Mesures de bonne gouvernance, recommandations aux Etats membres, procédure de surveillance budgétaire… l’Union européenne intervient de plus en plus dans les politiques nationales, sur leur volet économique mais aussi social. Vers des terres indésirables, dénoncent certains.

 

La difficile équation

entre l’économique

et le social

© Philippe Turpin Belpress
Pour orienter sa politique et celles des Etats membres, l'Europe se munit de grands plans d'avenir. Ainsi la première décennie du siècle – 2000-2010 – se référait à la Stratégie dite de Lisbonne(1). A sa suite, vient d'être définie une stratégie à l'horizon 2020. Le slogan pour cette Stratégie Europe 2020: “une croissance intelligente, durable et inclusive”. Les termes sont généraux et le champ est large, plus étendu apparemment que le triangle emploi, croissance et compétitivité qui avait prévalu durant la période précédente.
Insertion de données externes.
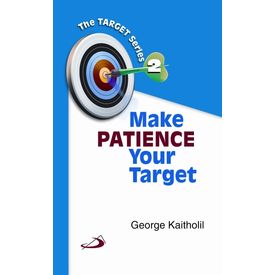 Make Patience Your Target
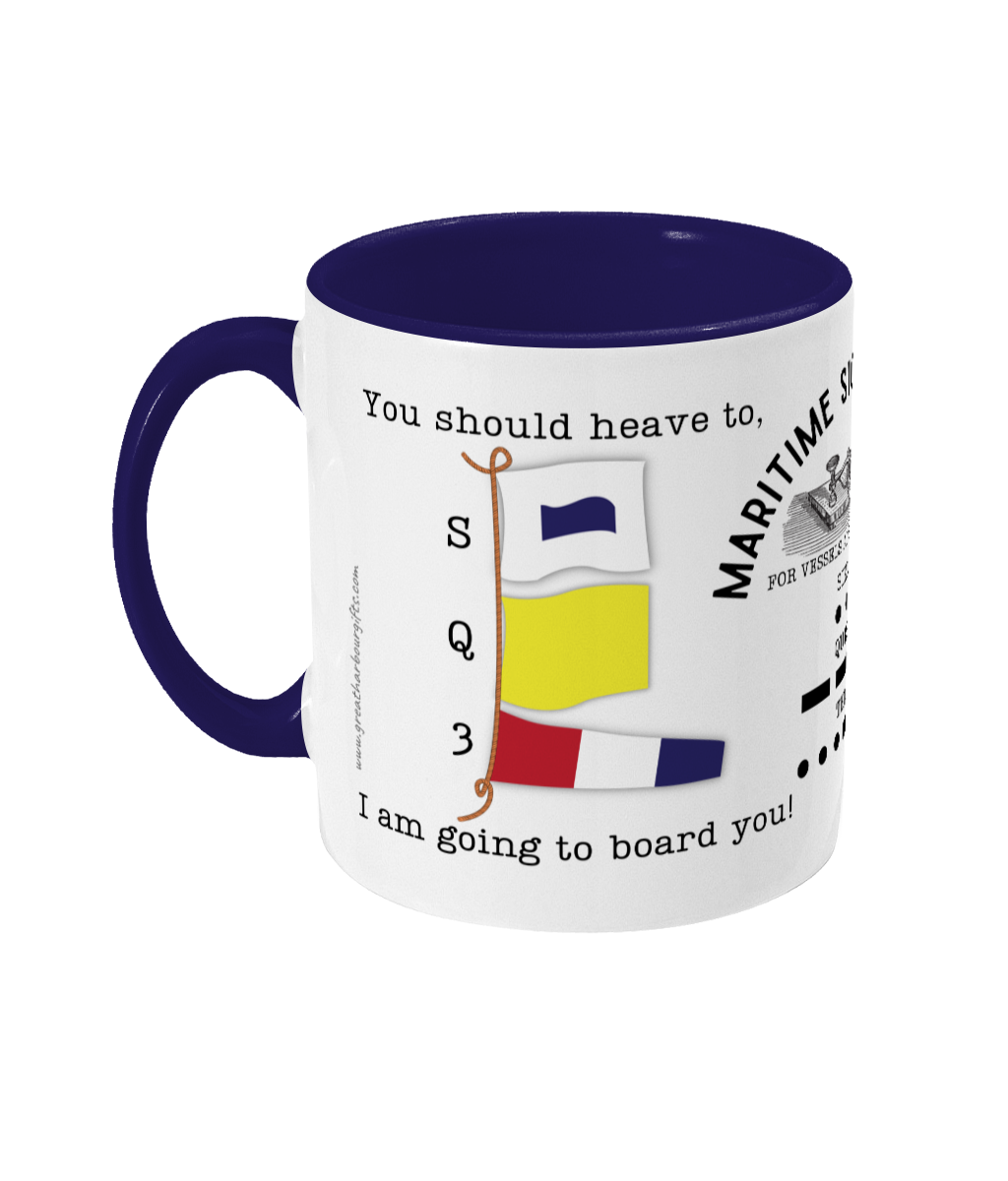 Nautical code flag mug, You should heave to; I am going to board you! Great Harbour Gifts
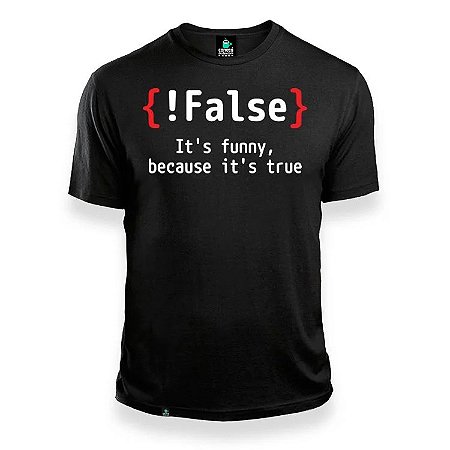 Camisa !False it's Funny Because it's True Preta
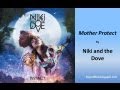 Niki and the Dove - Mother Protect (Lyrics)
Concrètement, le Conseil européen - regroupement des chefs d’Etat et de gouvernement de l’Union - a traduit ces principes en cinq objectifs:

 

augmenter le taux d'emploi (visant l'emploi pour 75% des 20 à 64 ans);

investir dans la recherche et le développement (à hauteur de 3% du PIB de l'Union);

réduire les émissions de gaz à effet de serre (- 20% par rapport à 1990), avec une augmentation de la part des énergies renouvelables dans la consommation (à hauteur de 20%) et une augmentation de l'efficacité énergétique de 20%;

améliorer le niveau d'éducation (réduire le taux de décrochage scolaire et augmenter le nombre de diplômés de l’enseignement supérieur;

réduire la pauvreté (réduire de 20 millions le nombre de personnes confrontées au risque de pauvreté et d'exclusion).

 

Ces objectifs doivent servir de balises à l'Europe pour coordonner les politiques socio-économiques européennes, et aux Etats membres pour définir leurs objectifs nationaux. De même, les Etats doivent identifier “les principaux obstacles à la croissance” et indiquer comment ils comptent les éliminer. Quelques considérations quant aux priorités nationales entreront sans doute en ligne de compte, mais “la pression sur les Etats membres pour traduire chacun des grands objectifs est considérable”, observe Bart Vanhercke de l'Observatoire social européen.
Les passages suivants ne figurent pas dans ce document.